First break - Day 5
February 6th, 2008 Posted in Spain, To Be A Pilgrim Only three days into the trip and we have a major worry. Helen has a sharp pain in the arch of her foot. She started limping yesterday evening but it seems even worse this morning. Yesterday she walked in her sports sandals - we both have a pair as our back-up footwear - but today she is suffering for it - I think they are just for the rest days now! Hopefully it will improve with a day off – surely the trip can’t have gone wrong so soon? We’d never live down the embarrassment of only managing fifty six miles following three years of planning, saving and begging for a career break.
We take it easy, and breakfast with Spanish hot chocolate – thick enough to stand the spoon in and served with fried doughnuts called churros. It’s vastly preferable to trying to eat the unmelted block we bought back in Cee. We visit a museum of pilgrimage in an old gothic house, full of old maps of pilgrim trails and religious art. It’s fascinating how St James has been portrayed through history in so many guises. There’s St James in the familiar pilgrim garb, though pilgrimage hadn’t begun in his own day. There’s the other classic image, that of Santiago Matamoros – St James the Moorslayer – though the wars against the Moors didn’t begin until almost a thousand years after his death. There’s even a St James the Spaniard Slayer carved by persecuted indigenous tribesmen in Mexico. Such appropriation of James’ image goes on even now- in Bradford in 2001 a splinter group of the National Front who helped precipitate the race riots called itself the Order of White Knights and had Saint James as its Patron saint. I don’t think the humble fisherman would be pleased.

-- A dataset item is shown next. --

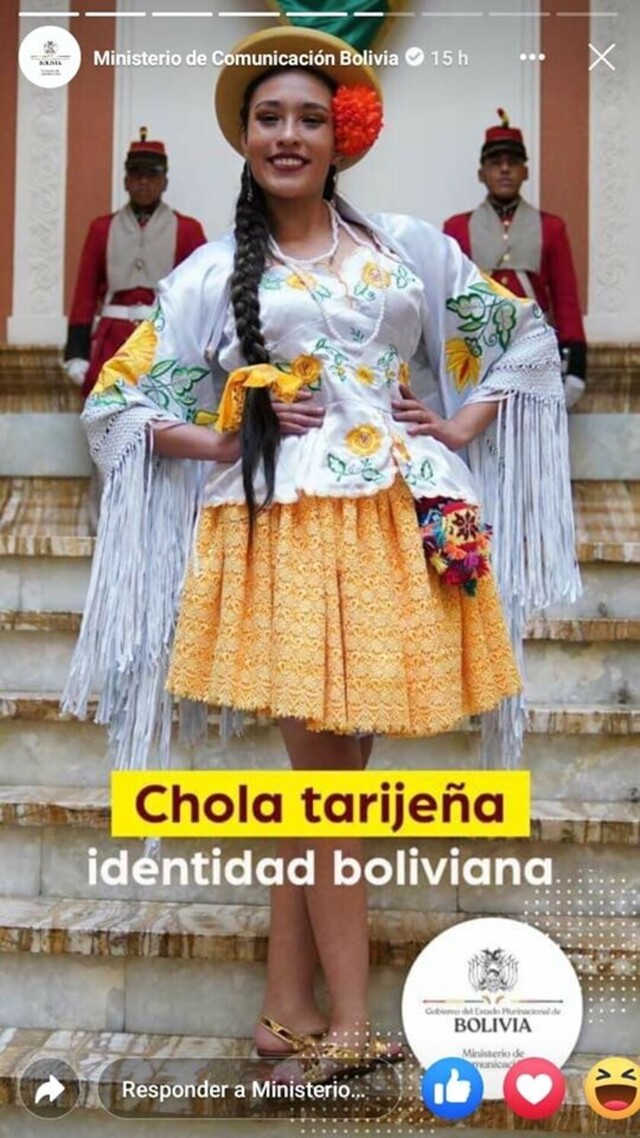 Ministerio de Comunicación llama "chola tarijeña" a la mujer chapaca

The pilgrimage itself has a similarly shaky history. He may be the patron saint of Spain, but there’s no historical or biblical record that St James even visited the country. Legend has it that after preaching here he died back in the Holy Land, but his disciples brought his body back to Galicia in a boat with no sails, steered by God. They made the journey from Palestine in only seven days before landing just south of Finisterre, burying James where the cathedral now stands here. His remains are said to have been miraculously discovered in 813, beginning the flood of pilgrims to the church built on the site. The pilgrims and the orders of knights which sprung up to protect them proved an extremely convenient help in securing northern Spain against Moorish expansion – St James himself was said to have appeared at many of the battles. Eventually the lands secured by the camino (or pilgrim route) created the base for the Christian conquest of the country. Whatever the truth of the story, the life-changing experiences of those undertaking month-long journeys to walk here are real enough.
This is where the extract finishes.